I don’t normally review more than one book in a post but at theses are by the same author, albeit on different subjects, I thought I would make an exception on this occasion.
What is the essence of each book?
Vintage Kitchenalia is an homage, if you like, to the humble kitchen utensil. So often these items are taken for granted. Kay charts their evolution from salamanders to springerles (a German biscuit mould) with lots pictures of the vintage kitchenalia that she has amassed herself.
Cooking Up History: Chefs of the Past is a series of biographies and historical accounts of some of the most celebrated chefs, like Escoffier, through to some of the lesser known like Thomas Davey, once heralded as ‘London’s most famous cook’.
About the author
Kay has many years experience of working in museums as well as a sound academic background in history and archeology, so she is the ideal person to write these books. She contributes to discussions on food history on her website https://museumofkitchenalia.com and is about to launch a series of historical cooking courses (which I for one will be eager to sign up for). Her passion for food history is evident in her earlier books Dining with the Georgians and Dining with the Victorians and continues to shine through these latest publications.
Who will like it?
You don’t have to be a die hard food history buff to appreciate these books although I think they will mostly appeal to people who already have an interest in this area. Vintage Kitchenalia is particularly interesting as I think most people, irrespective of their culinary or historical expertise, will be able to relate to many of the objects Kay discusses. If you want to learn more about the chefs from our past whose names are bandied around by the likes of Heston Blumenthal then Cooking Up History is a great place to start.
Who won’t like it?
Whilst both books contain a few recipes they are not cookbooks so if you are looking for an introduction to historical food from a practical sense, these books are probably not going to satisfy that itch.
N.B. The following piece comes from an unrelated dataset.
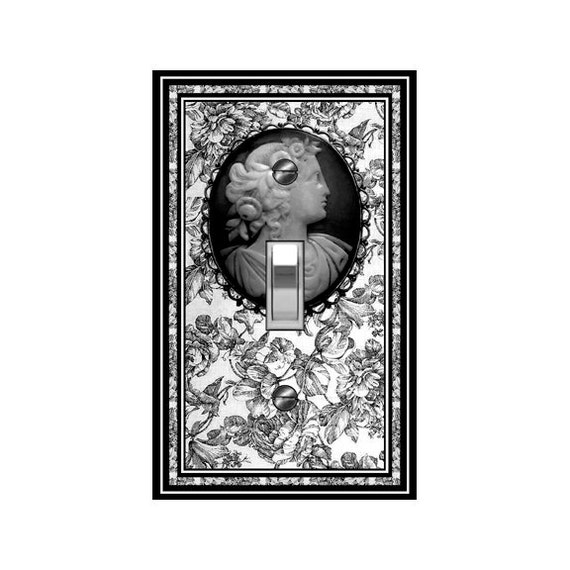 1641A Flat Image of Cameo on Black White Floral Toile Flowers ~ Mrs Butler Unique Switchplate Cover ~ See 1641B Bkd Toile & Other Variations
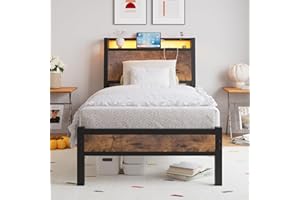 JELUTE 3ft Single Bed Frame with Charging Station and LED Lights, Wood Headboard with Storage Shelves, Heavy Duty Metal Slats, No Box Spring Needed, Noise Free, Easy Assembly,Black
What do I like about the books?
Kay has delivered just the appropriate amount of information in each book to pique and, in most cases, satisfy the reader’s curiosity. They are easy to dip in and out of and at no point do you feel overburdened with detail (which can occur in some academic books). That is not to say they have been inadequately researched. Far from it. Kay has expertly judged what the reader needs to know about both subjects and has an approachable, informal style when communicating it to her readers.
Is there anything I’m not so keen on?
Despite what I’ve said above, and speaking as a food history buff, both books left me wanting to know more (which, let’s face it, is a positive rather than a negative). In my opinion, each chapter in Cooking Up History could have been a book in it’s own right.
Where can you buy it?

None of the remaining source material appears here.